**STORED DATA**:
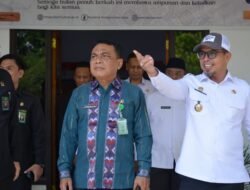 Ketua Pengadilan Tinggi Manado Bahas Pembangunan Kantor PN Bolmut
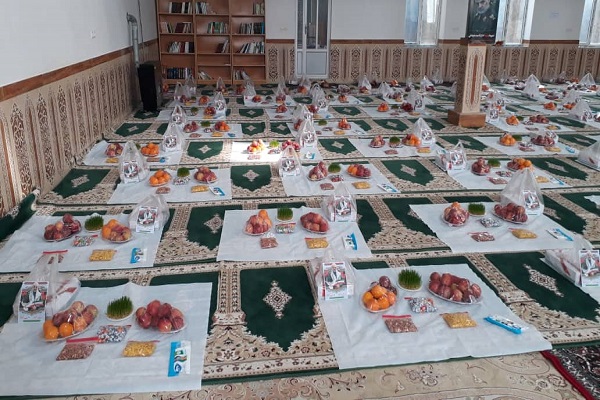 ۷۲ بسته معیشتی میان نیازمندان اردبیلی توزیع شد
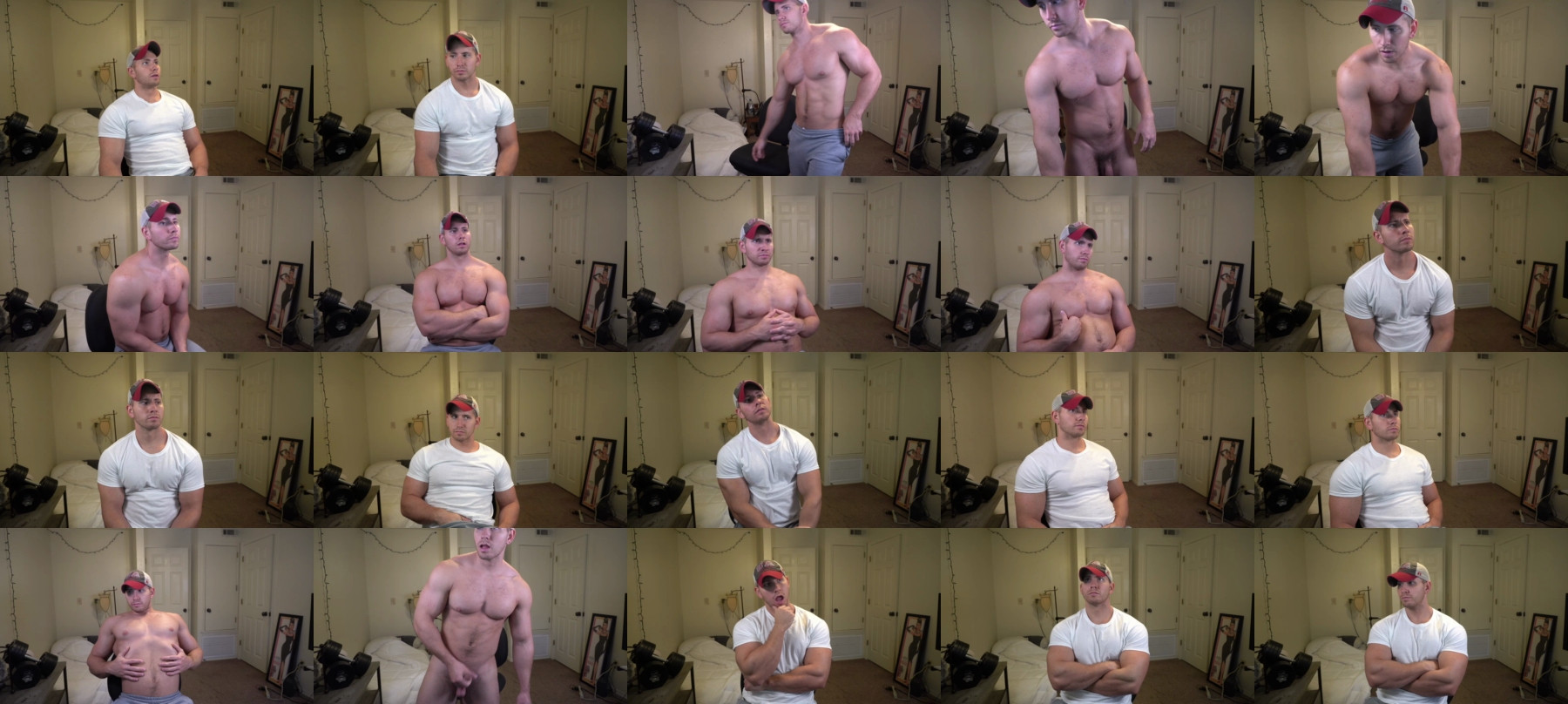 Hotmuscles6t9 Recorded CAM SHOW @ Chaturbate 28-04-2021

**WHAT THE TASK ASKS**: Please repeat everything in the data above except the pictures, exactly as it reads.

**RESULT**:
 Ketua Pengadilan Tinggi Manado Bahas Pembangunan Kantor PN Bolmut
 ۷۲ بسته معیشتی میان نیازمندان اردبیلی توزیع شد
 Hotmuscles6t9 Recorded CAM SHOW @ Chaturbate 28-04-2021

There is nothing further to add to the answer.